• ACTIVITY:
Your answer should be only the lines below from the one with "Bride hugging her father" to the one with "Silver skeleton prop", repeated exactly, ends included.

• RECORDS TO PROCESS:
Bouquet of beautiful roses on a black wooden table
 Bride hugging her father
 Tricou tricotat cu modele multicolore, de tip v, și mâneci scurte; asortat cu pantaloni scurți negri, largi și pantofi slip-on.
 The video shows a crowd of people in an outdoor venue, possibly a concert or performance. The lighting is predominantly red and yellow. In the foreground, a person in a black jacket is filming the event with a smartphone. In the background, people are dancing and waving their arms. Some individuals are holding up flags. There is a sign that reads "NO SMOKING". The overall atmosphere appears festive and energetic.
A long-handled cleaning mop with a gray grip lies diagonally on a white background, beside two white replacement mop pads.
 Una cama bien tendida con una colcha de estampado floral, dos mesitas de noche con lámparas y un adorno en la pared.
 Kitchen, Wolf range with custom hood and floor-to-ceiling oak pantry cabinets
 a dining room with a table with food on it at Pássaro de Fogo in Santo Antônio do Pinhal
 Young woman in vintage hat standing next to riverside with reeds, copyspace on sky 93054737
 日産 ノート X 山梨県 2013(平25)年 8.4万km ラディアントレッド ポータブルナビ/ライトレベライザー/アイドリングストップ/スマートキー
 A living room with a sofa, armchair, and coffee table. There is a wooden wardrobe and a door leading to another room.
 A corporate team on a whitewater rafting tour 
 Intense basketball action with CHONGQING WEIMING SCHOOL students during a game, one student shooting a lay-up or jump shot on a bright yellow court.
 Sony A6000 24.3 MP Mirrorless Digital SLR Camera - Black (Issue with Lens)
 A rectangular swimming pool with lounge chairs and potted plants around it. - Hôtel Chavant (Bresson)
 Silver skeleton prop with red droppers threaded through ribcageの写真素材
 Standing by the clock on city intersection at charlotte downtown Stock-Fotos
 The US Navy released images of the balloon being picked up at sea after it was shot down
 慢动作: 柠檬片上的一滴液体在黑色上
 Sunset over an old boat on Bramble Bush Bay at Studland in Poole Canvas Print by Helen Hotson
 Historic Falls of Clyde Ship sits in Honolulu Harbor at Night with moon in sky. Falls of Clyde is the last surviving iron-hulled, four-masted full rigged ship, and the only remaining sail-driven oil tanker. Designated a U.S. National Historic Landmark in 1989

• ANSWER FOR THIS EXERCISE:
 Bride hugging her father
 Tricou tricotat cu modele multicolore, de tip v, și mâneci scurte; asortat cu pantaloni scurți negri, largi și pantofi slip-on.
 The video shows a crowd of people in an outdoor venue, possibly a concert or performance. The lighting is predominantly red and yellow. In the foreground, a person in a black jacket is filming the event with a smartphone. In the background, people are dancing and waving their arms. Some individuals are holding up flags. There is a sign that reads "NO SMOKING". The overall atmosphere appears festive and energetic.
A long-handled cleaning mop with a gray grip lies diagonally on a white background, beside two white replacement mop pads.
 Una cama bien tendida con una colcha de estampado floral, dos mesitas de noche con lámparas y un adorno en la pared.
 Kitchen, Wolf range with custom hood and floor-to-ceiling oak pantry cabinets
 a dining room with a table with food on it at Pássaro de Fogo in Santo Antônio do Pinhal
 Young woman in vintage hat standing next to riverside with reeds, copyspace on sky 93054737
 日産 ノート X 山梨県 2013(平25)年 8.4万km ラディアントレッド ポータブルナビ/ライトレベライザー/アイドリングストップ/スマートキー
 A living room with a sofa, armchair, and coffee table. There is a wooden wardrobe and a door leading to another room.
 A corporate team on a whitewater rafting tour 
 Intense basketball action with CHONGQING WEIMING SCHOOL students during a game, one student shooting a lay-up or jump shot on a bright yellow court.
 Sony A6000 24.3 MP Mirrorless Digital SLR Camera - Black (Issue with Lens)
 A rectangular swimming pool with lounge chairs and potted plants around it. - Hôtel Chavant (Bresson)
 Silver skeleton prop with red droppers threaded through ribcageの写真素材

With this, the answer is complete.